The goodness of Fit Continued

After fitting the data with the linear regression model, you determine the R-squared, which tells how good the fit is. R-squared represents how good the relationship between the model and the dependent variable is on a 0 to 1 scale.

Let’s take the previous example,

The question is: How good is the red line (model) compared to the mean?

That gives you the R-squared.
R2 = [Var(mean) – Var(line)] / Var (mean) = 1 – [ Var(line) / Var (mean)]

In the best fitting case, there is no variation around the model line and in the worst case, it is as bad as that around the mean.

The variation around the mean = sum of squares of differences between the mean and the actual data = 41.27269.

The variation around the line = sum of squares of differences between the line and the actual data = 13.7627.
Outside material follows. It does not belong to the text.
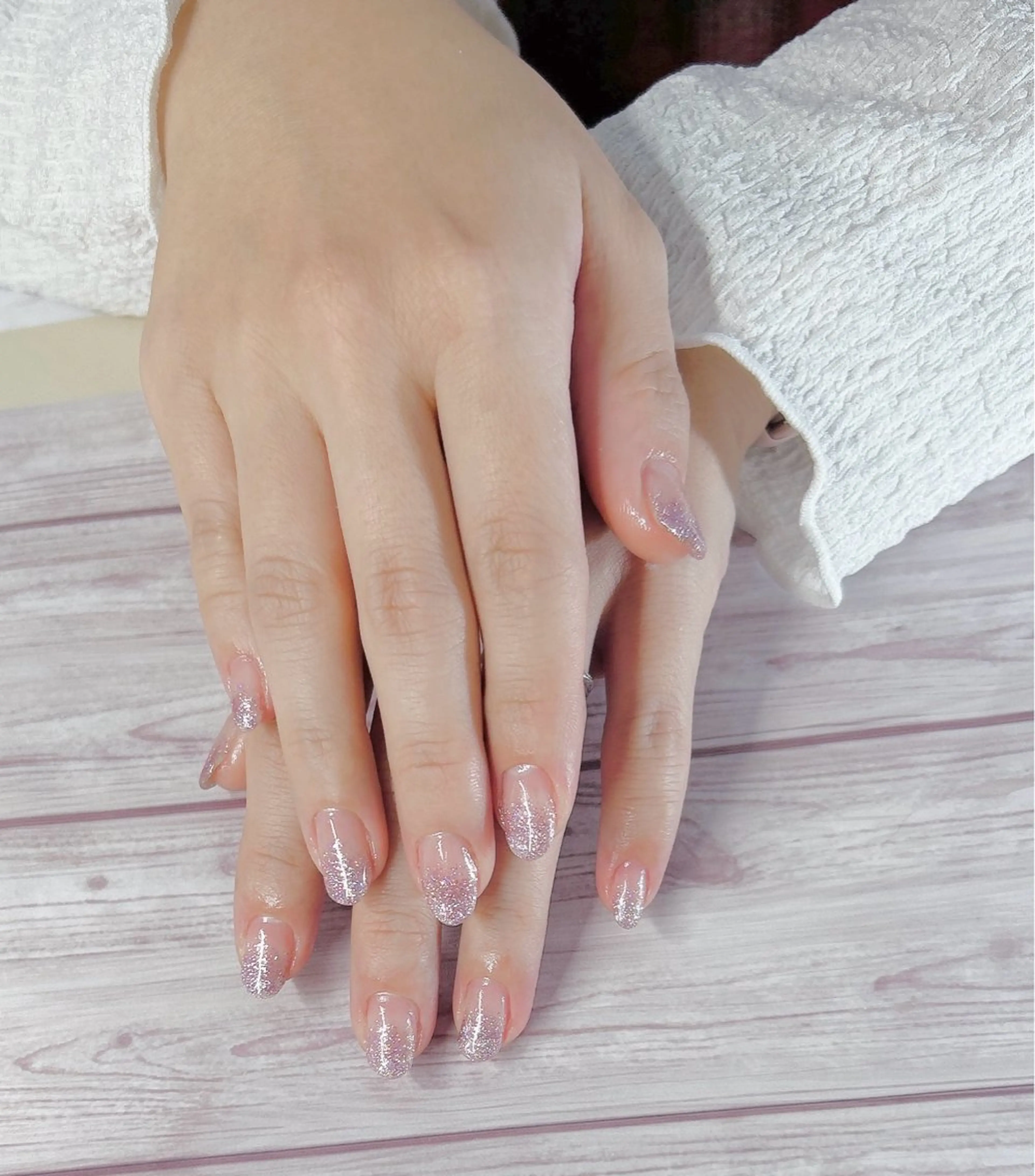 ネイル グラデーション ラメ(グリッター) ラメグラデーション MYu Beauty Salon YURIのネイルデザイン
Therefore, R2 = (41.27269 – 13.7627) / 41.27269 = 0.6665

Q1 <- data.frame("x" = c(10, 8, 13, 9.0, 11.0, 14.0, 6.0, 4.0, 12.0, 7.0, 5.0), "y" = c(8.04, 6.95, 7.58, 8.81, 8.33, 9.96, 7.24, 4.26, 10.84, 4.82, 5.68))

V_mean <- sum((Q1$y-mean(Q1$y))^2) 

V_line <- sum((Q1$y - 3 - 0.5*Q1$x)^2)

R_squared <- (V_mean - V_line) / V_mean

Not to forget: 3 + 0.5*Q1$x (Y = 3.0 + 0.5 X) is the equation of the line.